09/24/2025
BREAKING: Archbishop Mikael Ajapahyan, head of the Shirak Diocese, has been found guilty of “calling for the seizure of power” under Article 422 Part 2 of Armenia’s Criminal Code. He will remain in prison until a court hearing on September 29 at 15:30, when the length of his sentence will be decided.
On June 28 armed NSS forces stormed the Mother See of Holy Etchmiadzin during a clergy assembly. Over a thousand supporters prevented the arrest, forcing the NSS to withdraw, and later that day Ajapahyan went to Yerevan voluntarily to face investigators.
He was placed under a two-month pre-trial detention order, which the courts extended on August 15 and September 2. The proceedings moved with abnormal speed, defense motions were dismissed, and the case was built only on excerpts from sermons and speeches. Words were turned into charges of “seizing power.”
Ajapahyan’s conviction is part of a broader campaign by Pashinyan and his team to weaken the Armenian Apostolic Church after it organized a conference in Switzerland on the destruction of Armenian heritage in Artsakh. Instead of supporting the initiative, Pashinyan escalated his attacks, accusing Catholicos Karekin II of violating vows and fathering a child, addressing him by his given name, threatening to remove him from Etchmiadzin, and insisting that the state must control future Catholicoi elections. He compared this to his “liberation” of Armenia in 2018. His team amplified the campaign through state-linked media, mocking clergy and spreading defamatory claims to isolate the Church from its people.
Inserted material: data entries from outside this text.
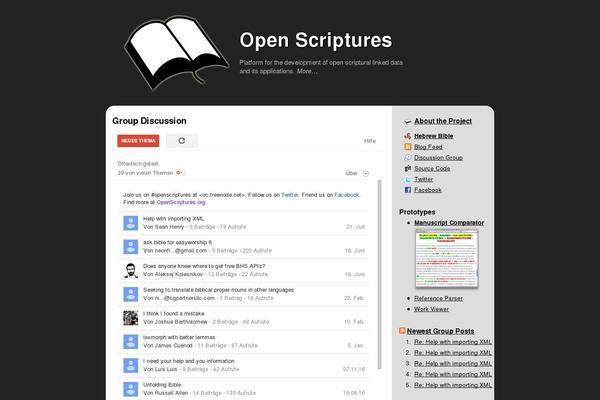 openscriptures.org site used 1.0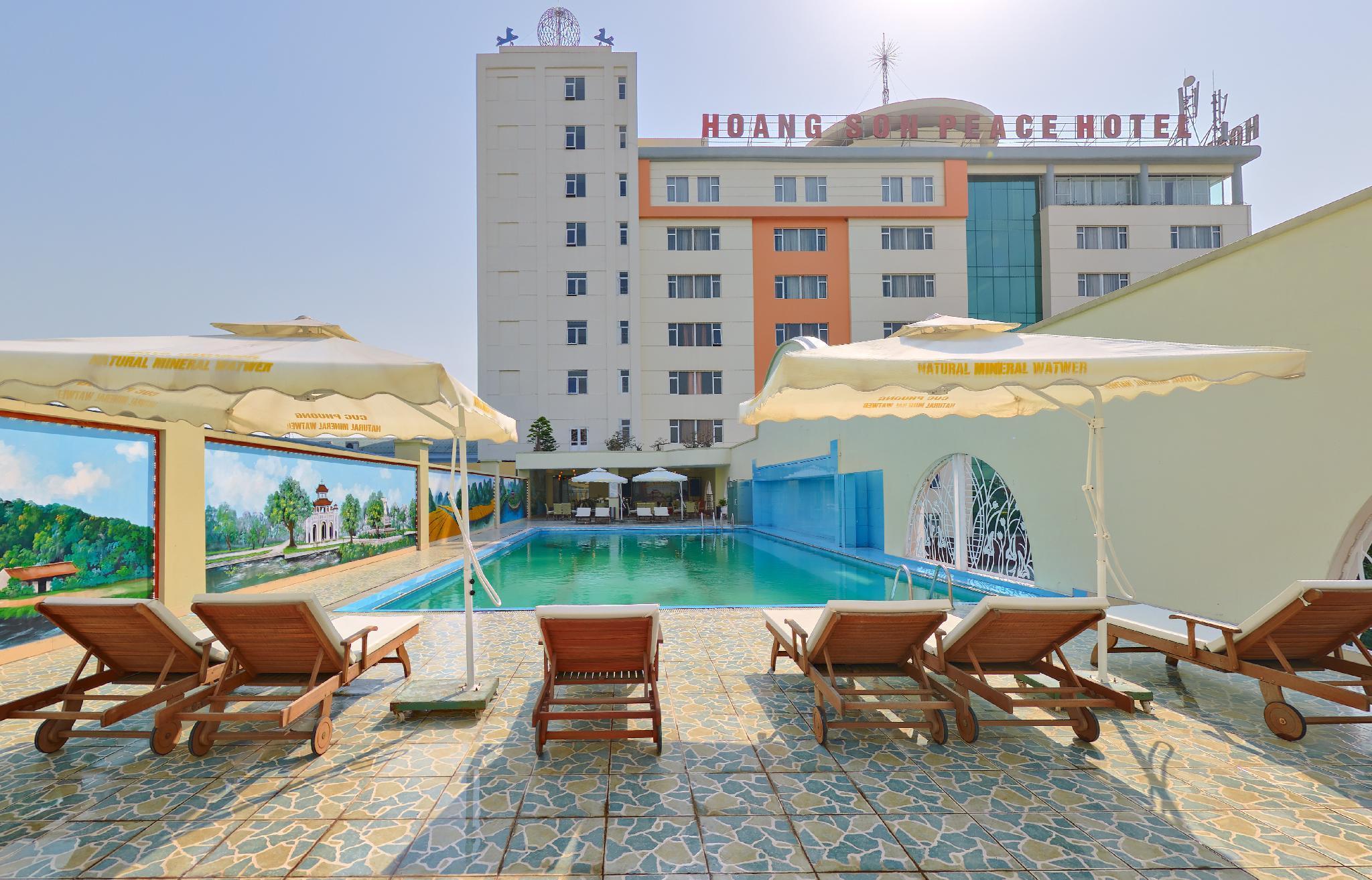 Hoang Son Peace Hotel Ninh Binh Dış mekan fotoğraf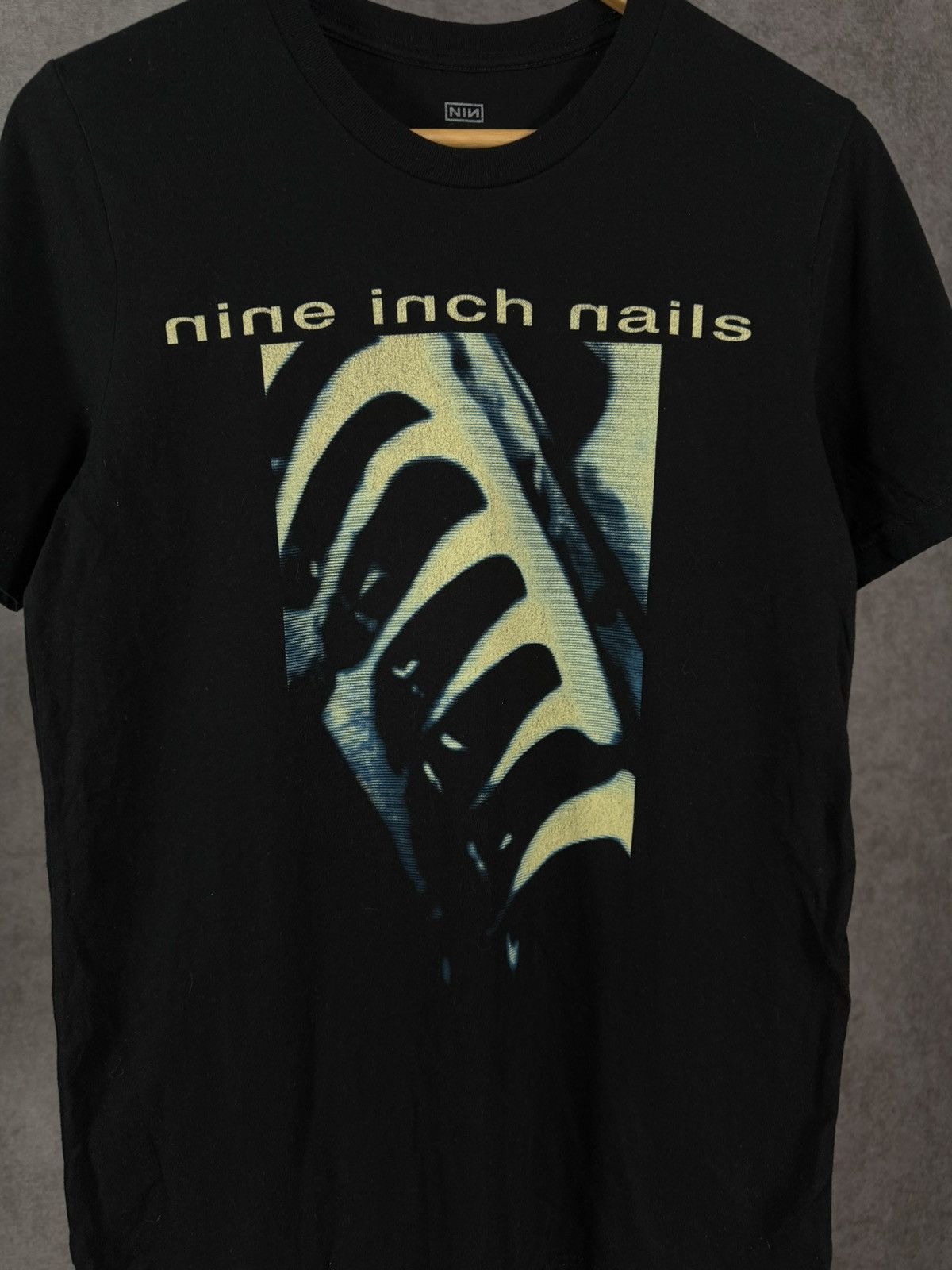 Band Tees NIN Nine Inch Nails Size US S / EU 44-46 / 1 - 3 Thumbnail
The guilty verdict against Archbishop Ajapahyan follows the persecution of others who supported the Church. Philanthropist Samvel Karapetyan was detained first, then Archbishop Bagrat Galstanyan, followed by 17 members of the “Sacred Struggle” movement. Their trials are ongoing despite earlier arrests. Each case shows the same pattern: fabricated charges, intimidation, and courts reduced to instruments of power.
With no evidence presented, this conviction cannot be called justice. It proves Armenia’s legal system has been stripped of independence and now serves political repression.